I really can’t remember a more beautiful month of September here in Iowa. With 30 days of sunshine, warm temperatures, and a good rainfall about once a week, the garden is still going strong. And there’s no end in sight. The extended forecast isn’t showing any danger of frost until after Halloween.
As I told you in my garden update for August, I spent much of that month preserving the surplus garden produce. That work continued into September, and I now have enough tomato sauce, pickles, green beans, and the like to last through the winter and beyond. So beware. Don’t send your kids trick-or-treating at my house. They may be very disappointed to walk away with a pint jar of homemade tomato sauce!
Here’s a look at what’s been going on in my kitchen garden in September.
Feed Me
All summer long, I’ve been chronicling the adventures of the cucumber plant that I affectionately named “Audrey II” after the man-eating plant in The Little Shop of Horrors. Once poised to take over the world, the plant’s days are numbered, as you can see in the photo above. Somehow it still manages to produce a cucumber every couple of days or so on one of its numerous offshoots.
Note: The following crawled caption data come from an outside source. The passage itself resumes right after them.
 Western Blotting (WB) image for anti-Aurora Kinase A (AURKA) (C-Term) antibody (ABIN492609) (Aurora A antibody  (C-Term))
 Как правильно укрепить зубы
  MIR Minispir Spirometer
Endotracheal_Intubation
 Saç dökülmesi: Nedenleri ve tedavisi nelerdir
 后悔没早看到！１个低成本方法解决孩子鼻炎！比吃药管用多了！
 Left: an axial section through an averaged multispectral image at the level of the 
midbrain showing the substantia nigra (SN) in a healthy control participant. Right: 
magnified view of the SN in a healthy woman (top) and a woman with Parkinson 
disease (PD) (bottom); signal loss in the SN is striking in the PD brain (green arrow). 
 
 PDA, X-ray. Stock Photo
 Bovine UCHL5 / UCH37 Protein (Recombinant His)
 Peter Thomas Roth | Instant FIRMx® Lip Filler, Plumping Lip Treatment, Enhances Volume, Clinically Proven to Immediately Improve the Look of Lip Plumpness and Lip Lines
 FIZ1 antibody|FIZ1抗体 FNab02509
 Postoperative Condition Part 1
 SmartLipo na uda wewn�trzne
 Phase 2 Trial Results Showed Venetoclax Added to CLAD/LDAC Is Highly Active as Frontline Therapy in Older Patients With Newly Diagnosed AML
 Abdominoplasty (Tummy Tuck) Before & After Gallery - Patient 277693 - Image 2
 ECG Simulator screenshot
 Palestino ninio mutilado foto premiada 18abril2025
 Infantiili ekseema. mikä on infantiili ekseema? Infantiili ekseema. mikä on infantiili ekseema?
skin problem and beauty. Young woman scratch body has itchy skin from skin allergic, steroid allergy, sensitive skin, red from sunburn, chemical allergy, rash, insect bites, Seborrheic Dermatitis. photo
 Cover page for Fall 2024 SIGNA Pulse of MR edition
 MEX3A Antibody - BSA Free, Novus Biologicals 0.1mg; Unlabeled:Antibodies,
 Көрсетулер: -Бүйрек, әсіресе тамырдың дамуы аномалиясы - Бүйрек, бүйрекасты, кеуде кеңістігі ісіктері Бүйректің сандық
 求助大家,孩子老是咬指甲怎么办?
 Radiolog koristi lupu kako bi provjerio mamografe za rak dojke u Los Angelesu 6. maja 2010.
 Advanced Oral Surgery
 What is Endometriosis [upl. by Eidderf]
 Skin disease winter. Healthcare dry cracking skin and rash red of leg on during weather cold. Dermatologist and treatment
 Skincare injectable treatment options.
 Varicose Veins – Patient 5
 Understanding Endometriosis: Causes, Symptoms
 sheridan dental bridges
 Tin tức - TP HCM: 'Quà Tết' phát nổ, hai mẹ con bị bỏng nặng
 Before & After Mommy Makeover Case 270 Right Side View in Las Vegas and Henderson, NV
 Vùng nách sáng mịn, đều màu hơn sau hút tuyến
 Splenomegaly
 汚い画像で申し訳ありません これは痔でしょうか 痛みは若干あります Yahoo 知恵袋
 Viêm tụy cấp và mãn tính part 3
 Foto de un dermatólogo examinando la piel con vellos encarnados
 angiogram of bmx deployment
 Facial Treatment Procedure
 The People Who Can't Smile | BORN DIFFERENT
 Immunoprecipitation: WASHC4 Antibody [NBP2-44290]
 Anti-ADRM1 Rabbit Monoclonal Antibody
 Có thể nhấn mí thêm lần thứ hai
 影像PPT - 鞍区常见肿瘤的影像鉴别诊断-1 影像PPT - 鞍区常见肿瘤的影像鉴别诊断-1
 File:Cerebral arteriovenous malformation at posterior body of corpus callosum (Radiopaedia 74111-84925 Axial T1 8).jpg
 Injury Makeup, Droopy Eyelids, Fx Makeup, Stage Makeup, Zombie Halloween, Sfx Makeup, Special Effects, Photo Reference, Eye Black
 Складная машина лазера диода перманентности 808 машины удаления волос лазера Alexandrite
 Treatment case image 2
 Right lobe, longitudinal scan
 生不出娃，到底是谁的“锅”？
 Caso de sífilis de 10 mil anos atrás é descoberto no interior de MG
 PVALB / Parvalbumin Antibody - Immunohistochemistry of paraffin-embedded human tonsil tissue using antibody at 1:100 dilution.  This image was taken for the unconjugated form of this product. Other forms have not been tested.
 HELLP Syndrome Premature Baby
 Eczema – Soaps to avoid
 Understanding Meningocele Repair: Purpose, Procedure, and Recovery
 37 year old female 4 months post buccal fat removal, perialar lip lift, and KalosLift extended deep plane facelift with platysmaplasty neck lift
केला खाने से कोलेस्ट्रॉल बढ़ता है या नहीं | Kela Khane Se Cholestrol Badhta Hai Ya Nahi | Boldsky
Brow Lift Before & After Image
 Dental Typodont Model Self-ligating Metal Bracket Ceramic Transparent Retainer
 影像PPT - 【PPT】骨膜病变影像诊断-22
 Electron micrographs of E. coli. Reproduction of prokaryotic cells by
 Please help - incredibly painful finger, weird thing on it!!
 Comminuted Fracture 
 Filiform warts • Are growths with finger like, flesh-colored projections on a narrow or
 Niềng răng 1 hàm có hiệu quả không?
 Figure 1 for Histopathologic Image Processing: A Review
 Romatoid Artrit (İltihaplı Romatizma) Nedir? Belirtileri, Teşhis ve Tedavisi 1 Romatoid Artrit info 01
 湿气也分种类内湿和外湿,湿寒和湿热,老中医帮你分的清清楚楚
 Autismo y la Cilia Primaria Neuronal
Hey, I will take two or three cucumbers a week versus the 200 a day that we were getting when the plant was in its prime back in July:
Audrey II’s place in the garden has been supplanted (yes, pun intended) by the crazy pole beans I planted around the chicken pen to give the girls a little extra shade during the heat of the summer. Rivaling Jack’s beanstalk, these beans have grown up and over the top of the pen:
I have to harvest the beans from inside the pen and through the roof as the chickens run around under foot.
The little tomatillo that could
Another crazy plant in my garden in September is a tomatillo plant that’s growing up in the middle of the bush beans in the lower tiered bed. Mind you, we intentionally did not plant any tomatillos this year because we still have loads of tomatillo salsa leftover from 2014. However, late in the summer, I noticed a volunteer tomatillo plant growing up in the middle of the beans. I decided to leave it be, figuring it was so small that it would never get around to bear fruit before the end of the growing season.
Boy was I wrong:
While I may never get around to doing anything with all of those tomatillos, I’m glad I left the plant. The bees love the blossoms, and I love the bees:
A banner year
After a disappointing 2014 growing season for peppers, 2015 has been quite the opposite. It’s amazing how many peppers one can harvest from a 4′ x 8′ raised bed:
The habanero plant in the front corner alone has produced literally hundreds of peppers. Considering that one habanero goes a long, long way (it’s one of the hottest peppers on the Scoville scale), it’s been a challenge figuring out what to do with them all.
Fortunately, we also have had a bumper crop of peppers that we use liberally in cooking, like orange bell and ancho:
More good stuff
We planted many of our vining crops late in an effort to thwart the squash bugs. That strategy worked well. We began harvesting cantaloupe in September:
The squash bugs did get the better of the butternut squash vines, but not before at least a dozen of beautiful squash like these developed, now ready to be harvested:
And the fall plantings of lettuce and chard are coming along nicely:
Meanwhile, in the egg garden …
I was hoping to have some pretty pastel eggs to show you this month, but the Easter Eggers, now at age 22 weeks or so, still haven’t begun laying. While they may be slackers, they have developed into beautiful hens:
At least the other three hens are still pulling their weight:
What’s been going on in your garden in September?